__REQUIRED ACTION__
When you copy the material below, keep every line exact and omit the pictures.

__PROVIDED MATERIAL__

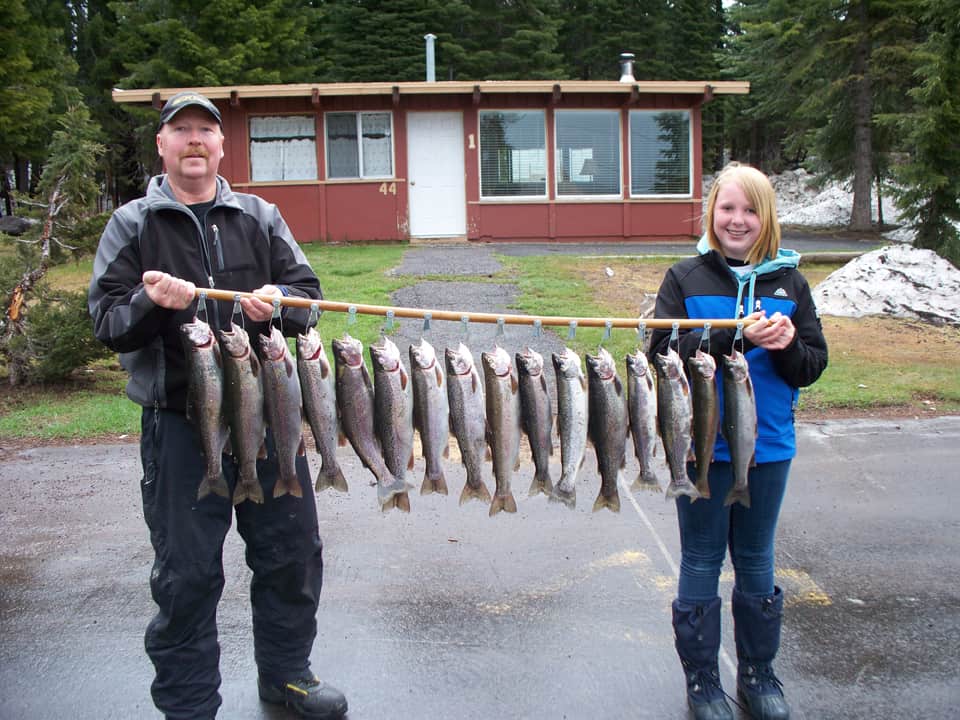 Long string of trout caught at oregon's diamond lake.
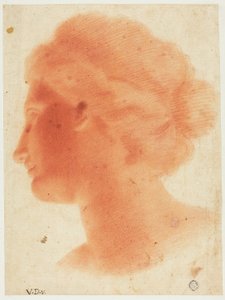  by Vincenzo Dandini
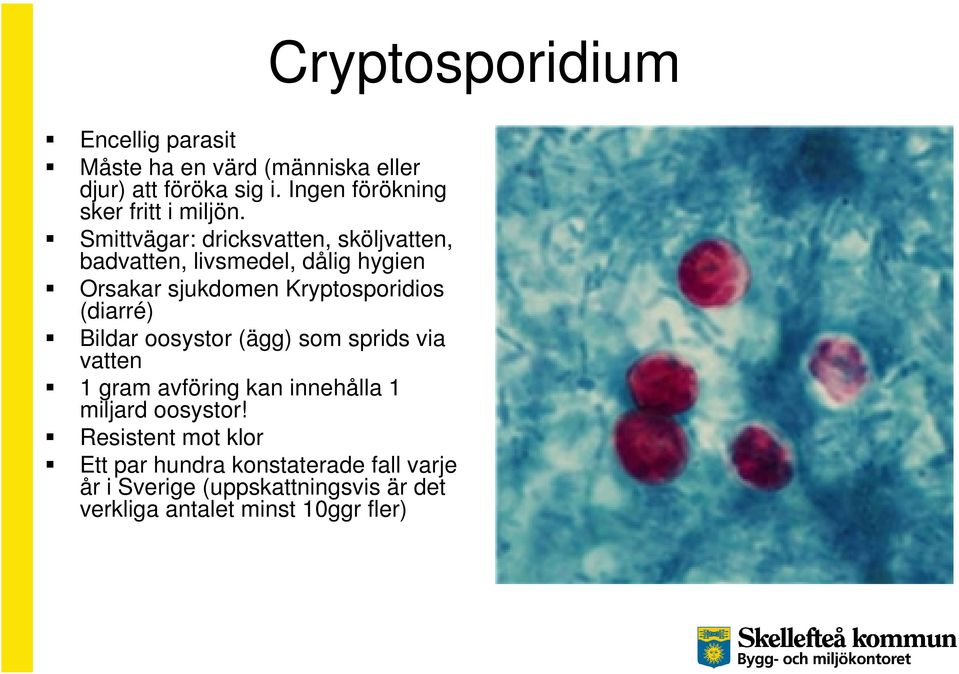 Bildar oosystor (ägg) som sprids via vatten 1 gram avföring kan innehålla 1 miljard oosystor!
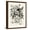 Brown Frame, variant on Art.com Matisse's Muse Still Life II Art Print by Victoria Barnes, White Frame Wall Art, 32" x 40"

__FINISHED TASK__
 Long string of trout caught at oregon's diamond lake.
  by Vincenzo Dandini
 Bildar oosystor (ägg) som sprids via vatten 1 gram avföring kan innehålla 1 miljard oosystor!
 Brown Frame, variant on Art.com Matisse's Muse Still Life II Art Print by Victoria Barnes, White Frame Wall Art, 32" x 40"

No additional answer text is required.